The little town in which I opened the first tattoo studio now is home to two. One is owned by someone who owns a few, and it is a corporation. Nothing wrong with that, but it does speak volumes to me about the owner's number one priority: money and liability issues. Tattooists and customers alike generally believe in near mystical ideas of what getting a tattoo and being a tattooist mean, and owning a corporation is not part of it. Once upon a time, being the star of a reality TV show would have been seen as selling out, too, but that's another story.
These days, everything has changed, but a lot of folks haven't quite gotten that. Most tattoo studios are as authentic as Hot Topic. They're carefully designed to look like places where you'll have an outsider outlaw experience, kind of a Disney-ian idea of a tat shop. The average tattooist is still a fuck up, and the shops hire and fire 'em quickly. The really good artists generally open small studios that only do custom work.
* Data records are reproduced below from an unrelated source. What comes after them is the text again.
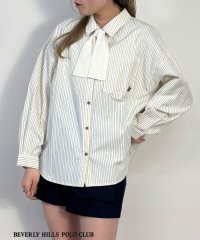 NICOLE CLUB/【BEVERLY HILLS POLO CLUB】ボウタイ付きビッグシャツ/507935638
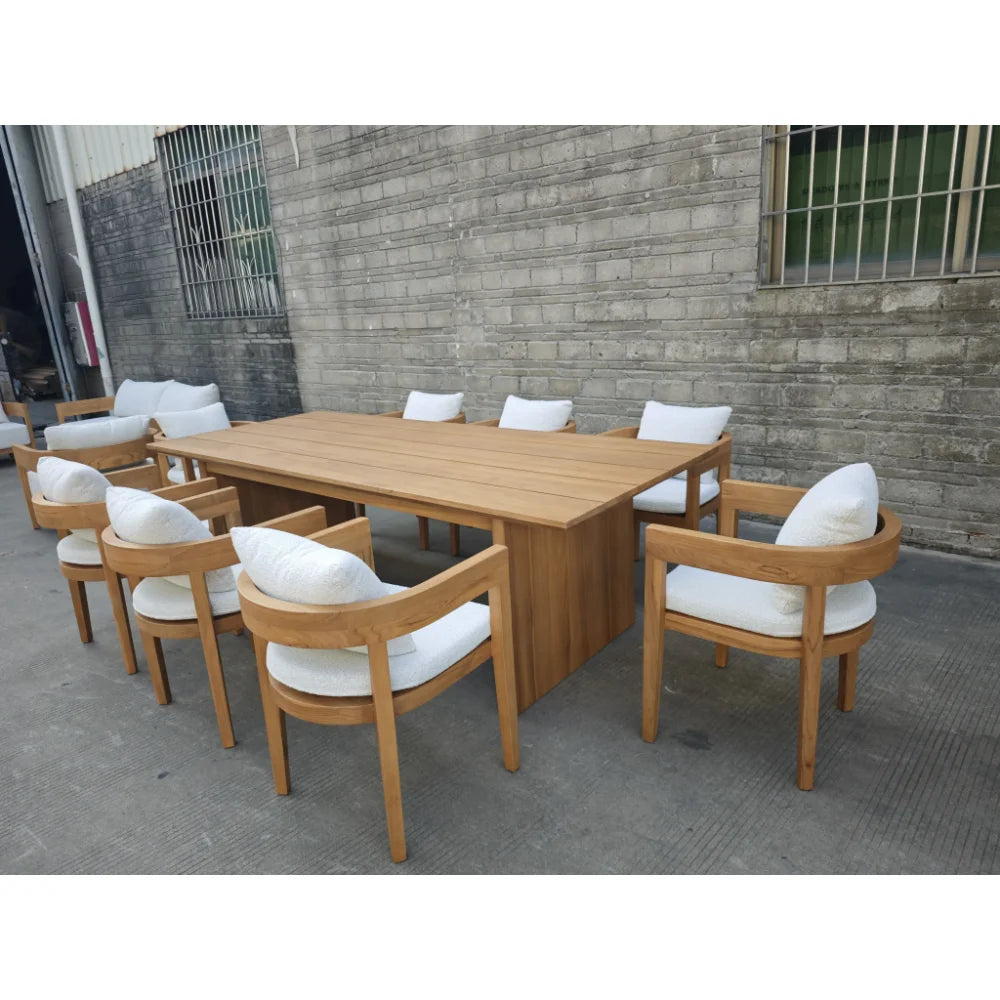 Hotel Modern Aluminum Outdoor Furniture Villa Garden Sofa Set Durable Patio Furniture Set Resort Luxury  Outdoor Garden Use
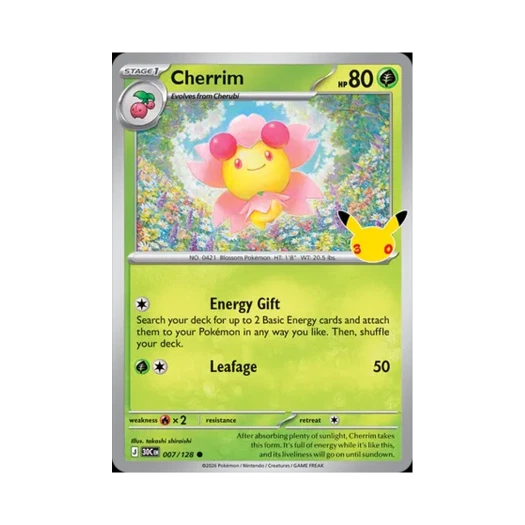 포켓몬 TCG 체리꼬 C 30주년 기념 (영문판)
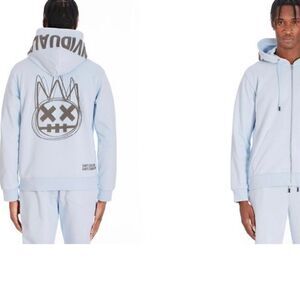 Cult of Individuality NWT heavy French hoodie Size XL blue $ 229.00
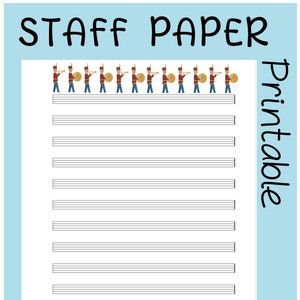 MARCHING BAND Printable Sheet Music Paper | Instant Download | Blank Staff Paper | Blank Sheet ...
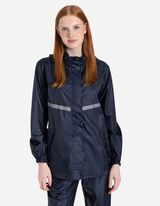 Kurtka przeciwdeszczowa - odporny słup wody - ciemny niebieski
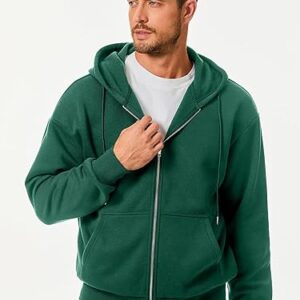 Mens Full Zip Casual Cotton Hooded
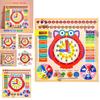Wooden Calendar Clock Puzzle For Kids Educational Learning Toy For Preschool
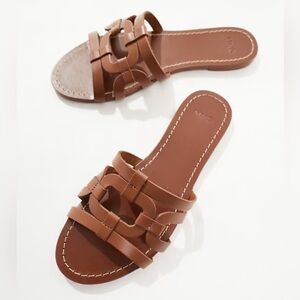 Mango Leather Slides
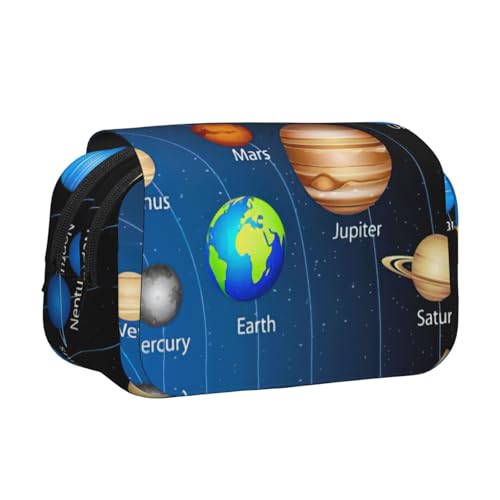 EdWal Federmäppchen mit Sonnensystem-Druck, Segeltuch, großes Fassungsvermögen, Organizer, multifunktionales Federmäppchen EdWal Federmäppchen mit Sonnensystem-Druck, Segeltuch, großes Fassungsvermögen, Organizer, multifunktionales Federmäppchen von EdWal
One thing still hasn't changed a bit. Tattooists and shops still talk shit about one another. Some of it's true, and some of it isn't, but when was that any different?
In 1961, New York City made tattooing illegal. The reason was that tattoo shops spread hepititis. The real reason was that there was so little business that some tattooists spread a rumor that another shop was spreading the disease. Their rumor backfired. No work for anyone.
If there's a moral here for the present day, I can't pull it together.
Image note: This is where you'd sit to get tattooed by Tatts Tommy, the first person who opened a licensed tattoo studio in Maine. Contrary to what most people think, Tommy was not a Mainer. He had been a tattooist on the Bowery in New York City in 1961, when it was made illegal. Having always enjoyed hunting and fishing in Maine, he came up here to ply his trade. It was a good move. The guy was not much of a tattooist, but he was a colorful and sometimes truly offensive individual. When I first met him, I stuck out my hand to shake his. He was the oldest living tattooist in the country, so I was thrilled to meet him! Well, no sir, he would not shake my hand. He pulled down his lower lip to show me the "Fuck You" tattoo he had hidden inside. Then he said, "A woman's place belongs in the bedroom and kitchen, naked, not in the tattoo parlor." Heh, I'm glad I met the guy.
2 comments:
Loved this story!!!
So glad, Kenny! I had edited it, but the edits seem not to be here. Ah well. I'll leave it alone now.